───── RECORD EXTRACTS ─────

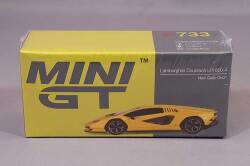 MGT00733-L.jpg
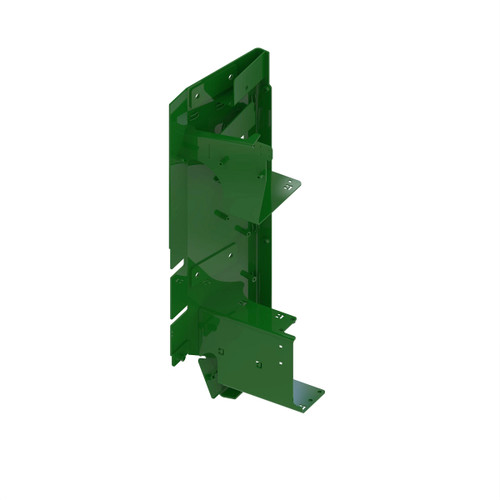 https://johndeere.widen.net/content/eyxaj7bq89/jpeg/AT486428_iso5.jpeg?w=1200&h=1200&position=c&color=ffffffff&quality=100&u=jq3ioy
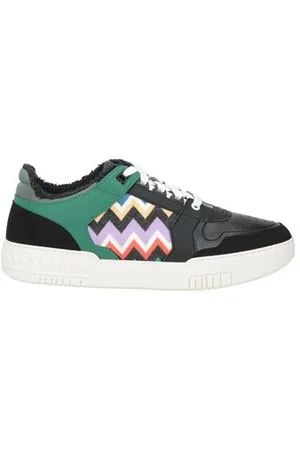 Missoni CALZADO - Sneakers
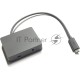 Разветвитель Logitech SPARE-Rally POWER SPLITTER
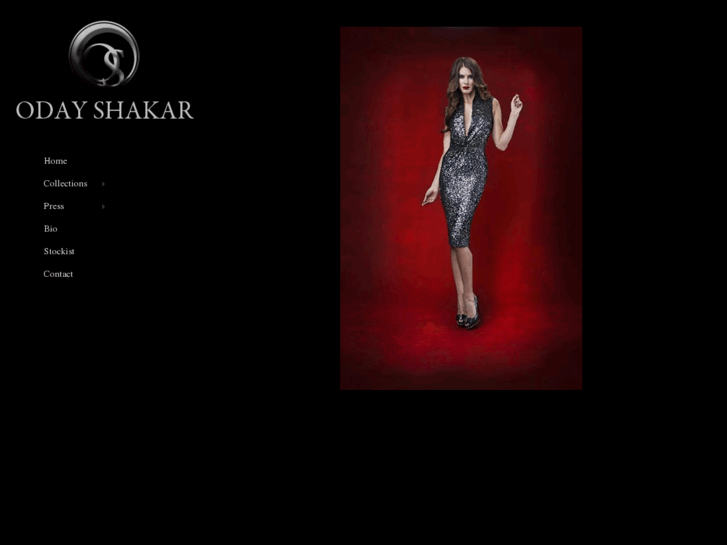 www.odayshakar.com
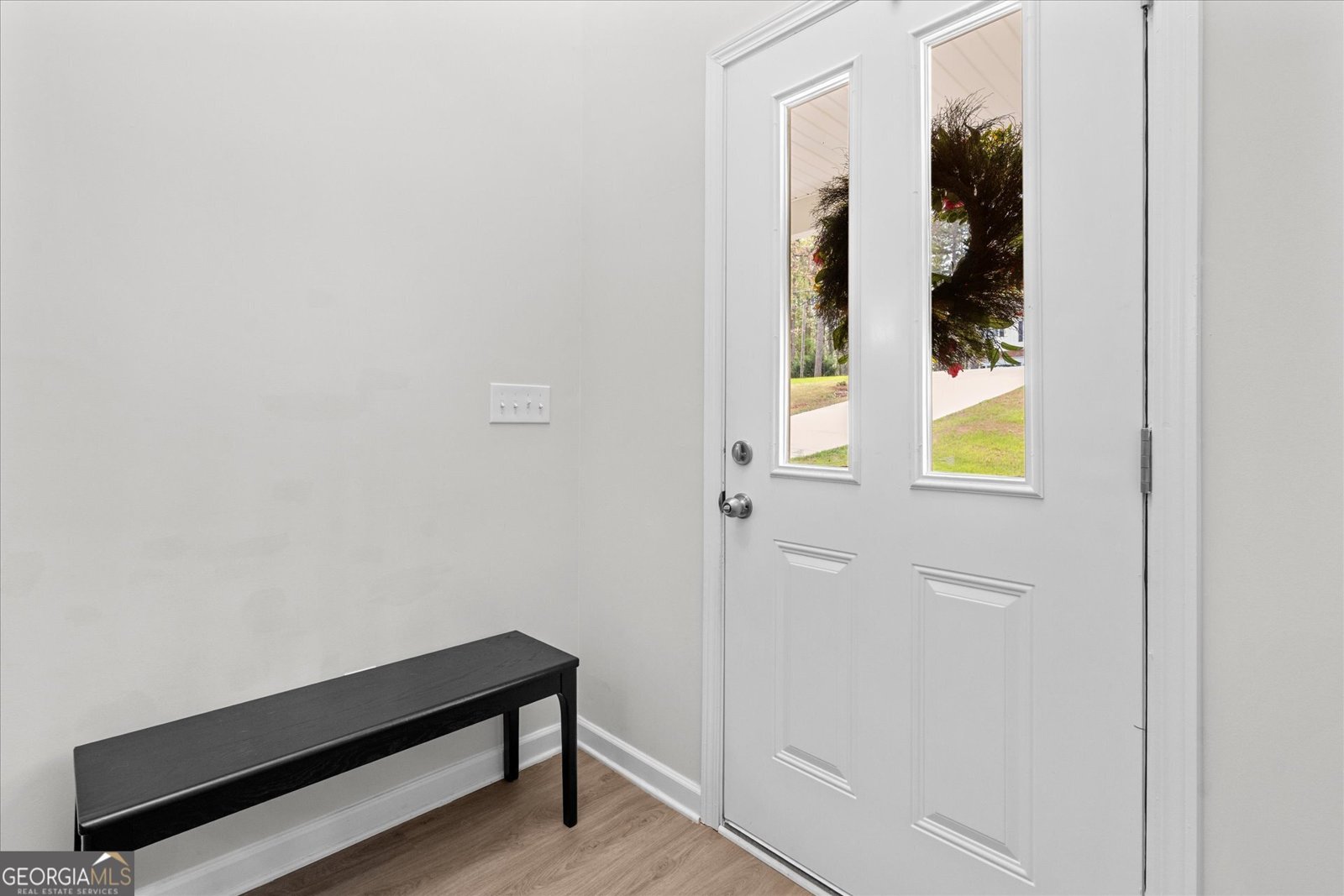 8091 Lakeview Parkway Villa Rica - Photo 8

─────

PROMPT:
Each record above, in full: return it exactly, pictures excluded.

TASK ANSWER:
 MGT00733-L.jpg
 https://johndeere.widen.net/content/eyxaj7bq89/jpeg/AT486428_iso5.jpeg?w=1200&h=1200&position=c&color=ffffffff&quality=100&u=jq3ioy
 Missoni CALZADO - Sneakers
 Разветвитель Logitech SPARE-Rally POWER SPLITTER
 www.odayshakar.com
 8091 Lakeview Parkway Villa Rica - Photo 8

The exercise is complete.